**PROBLEM STATEMENT**
Set down, word for word, the line with "32 oz Clear" and the lines after it through the final line of the data below, without pictures.

◇ ◇ ◇ ◇

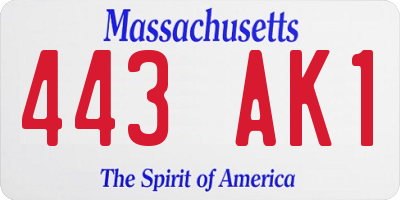 MA license plate 443AK1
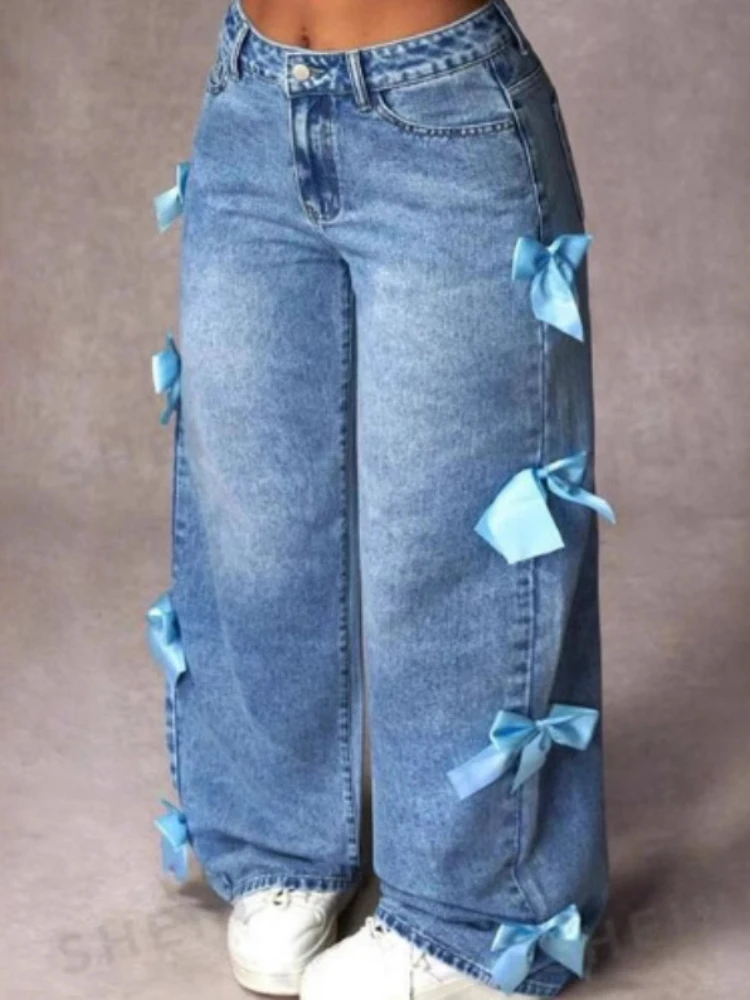 HOUZHOU Women Casual Bowknot Decor Jeans Y2k Blue Baggy Denim Trousers Loose Straight Sweet Coquette Aesthetic Washed Jeans 5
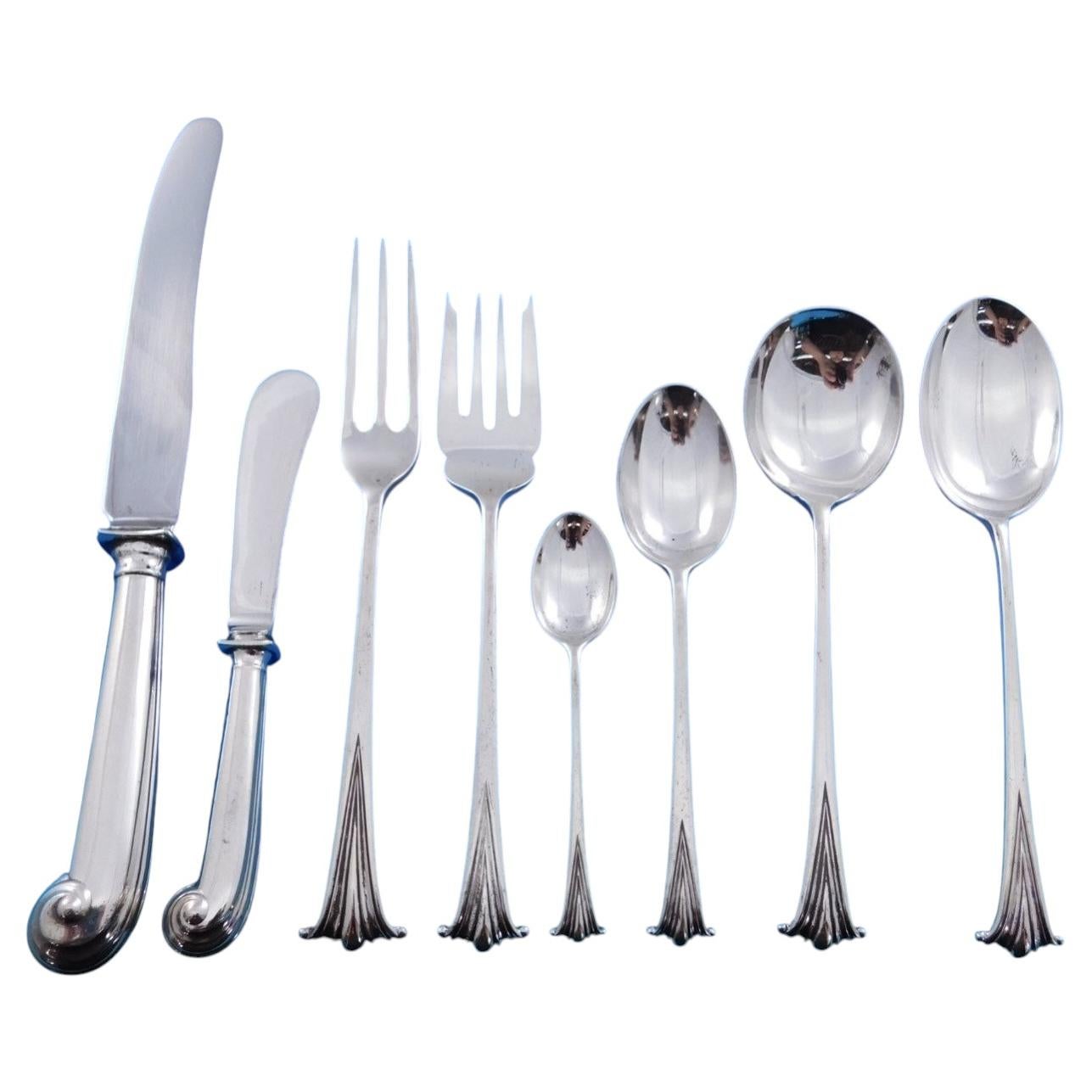 Pre-owned Worcester Silver 1 English Onslow By Worcester Sterling Silver Dinner Flatware Set Service 64 Pcs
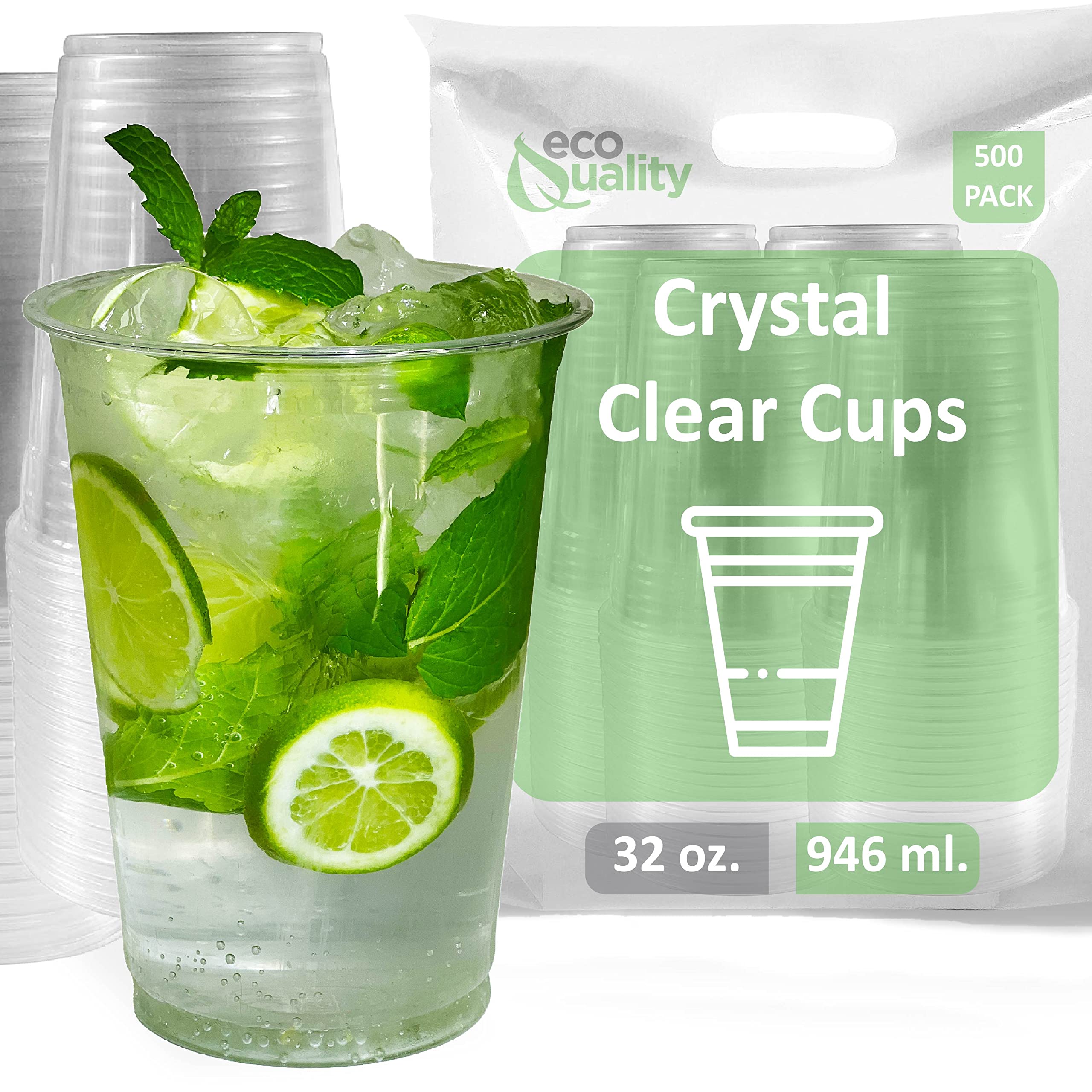 32 oz Clear Plastic Disposable Cups - 500 Pack | Crystal Clear PET Cold Drink Cups for Smoothies, Iced Coffee, Juice, Soda & Cocktails | Perfect for Parties, Meal Prep, Restaurants & Cafes | BPA-Free Reusable Drinking Cups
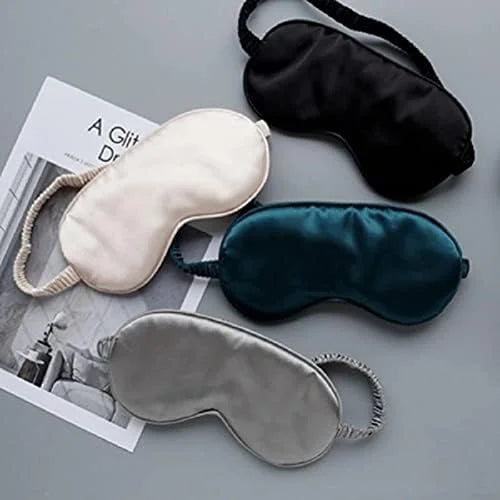Silk Satin Sleeping Eye Mask, Silvergrey Sleep Eye Mask Night Blindfold for Women and Men, Soft Breathable Blackout Eyesha...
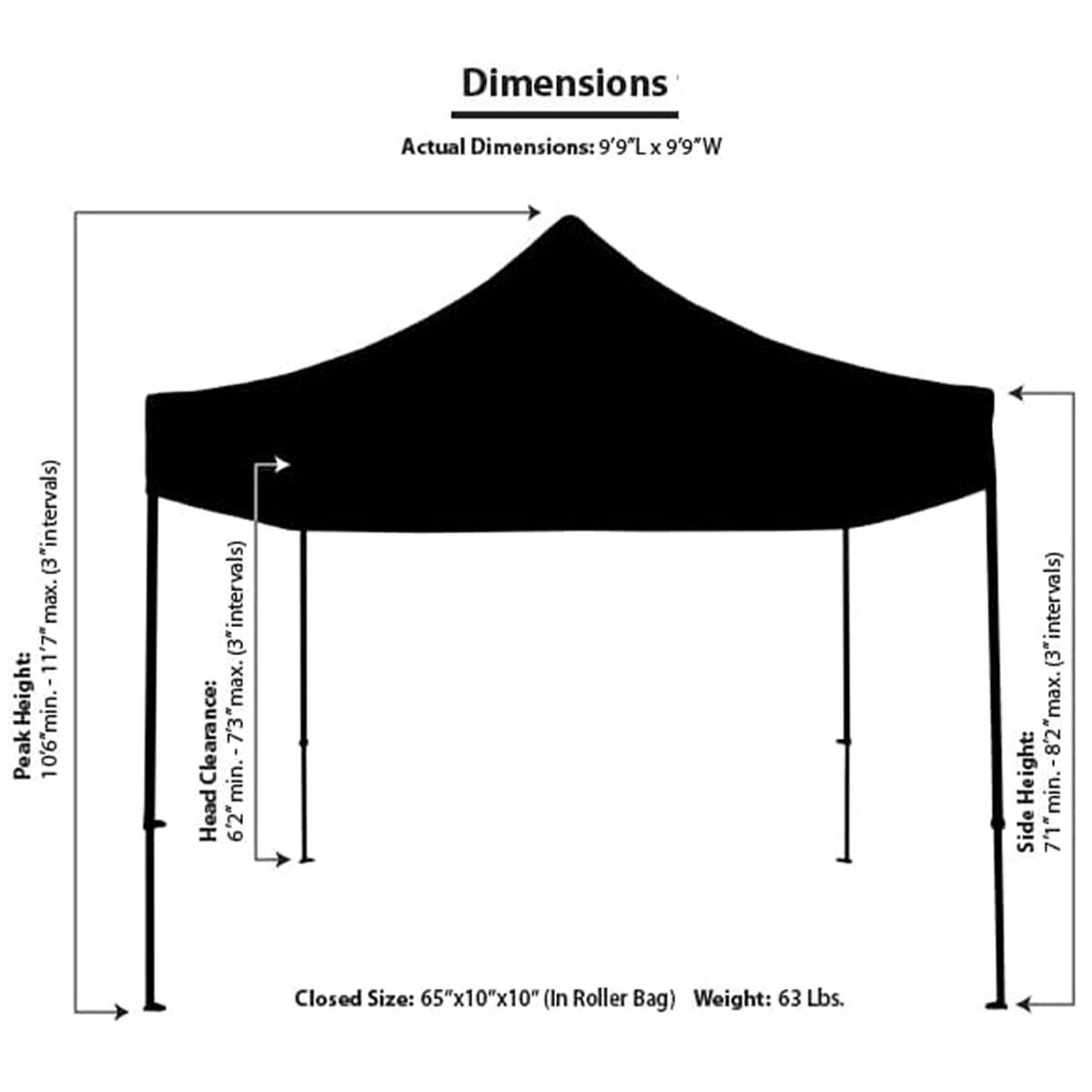 Toldo de 3 x 3 m King Canopy Festiva FSSHST10WH SMS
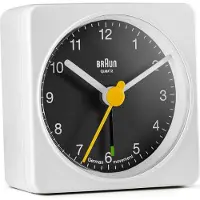 Braun BC02WB analoge wekker wit zwart - Zwart-Wit / 2,7 x 5,7 x 5,7 cm / Kunststof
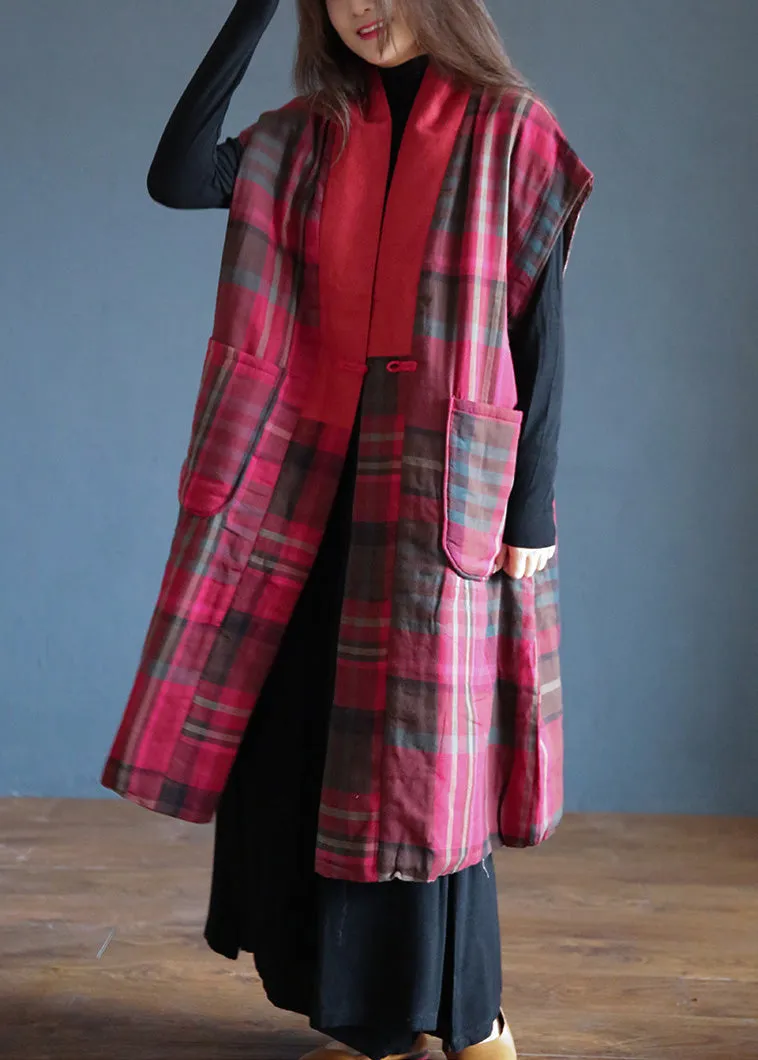 Vogue Red V Neck Plaid Button Warm Fleece Waistcoat Winter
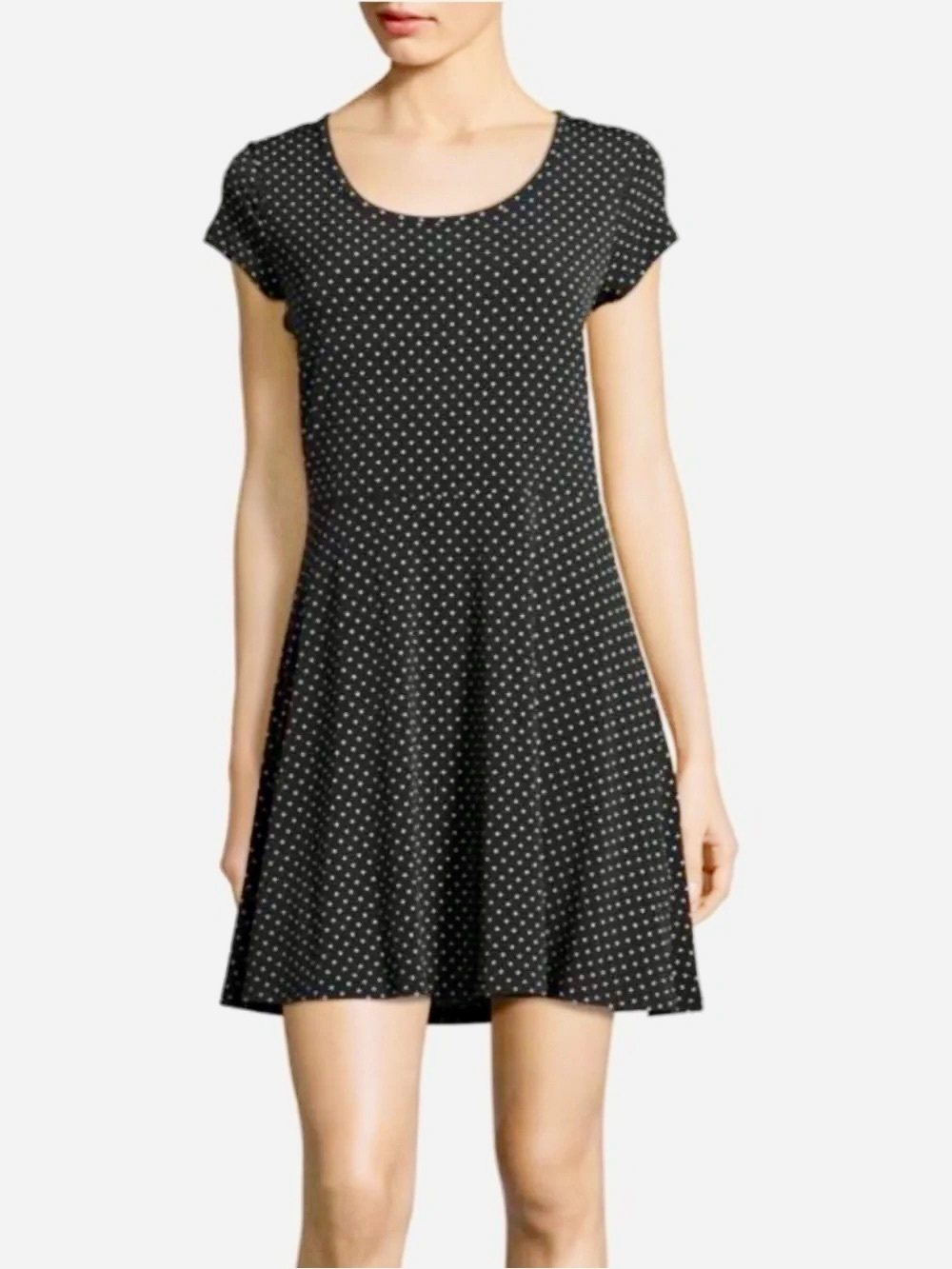 NWT Michael Kors Short Sleeve Black Polka Dot Skater Dress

◇ ◇ ◇ ◇

**FINISHED EXERCISE**
 32 oz Clear Plastic Disposable Cups - 500 Pack | Crystal Clear PET Cold Drink Cups for Smoothies, Iced Coffee, Juice, Soda & Cocktails | Perfect for Parties, Meal Prep, Restaurants & Cafes | BPA-Free Reusable Drinking Cups
Silk Satin Sleeping Eye Mask, Silvergrey Sleep Eye Mask Night Blindfold for Women and Men, Soft Breathable Blackout Eyesha...
 Toldo de 3 x 3 m King Canopy Festiva FSSHST10WH SMS
 Braun BC02WB analoge wekker wit zwart - Zwart-Wit / 2,7 x 5,7 x 5,7 cm / Kunststof
 Vogue Red V Neck Plaid Button Warm Fleece Waistcoat Winter
 NWT Michael Kors Short Sleeve Black Polka Dot Skater Dress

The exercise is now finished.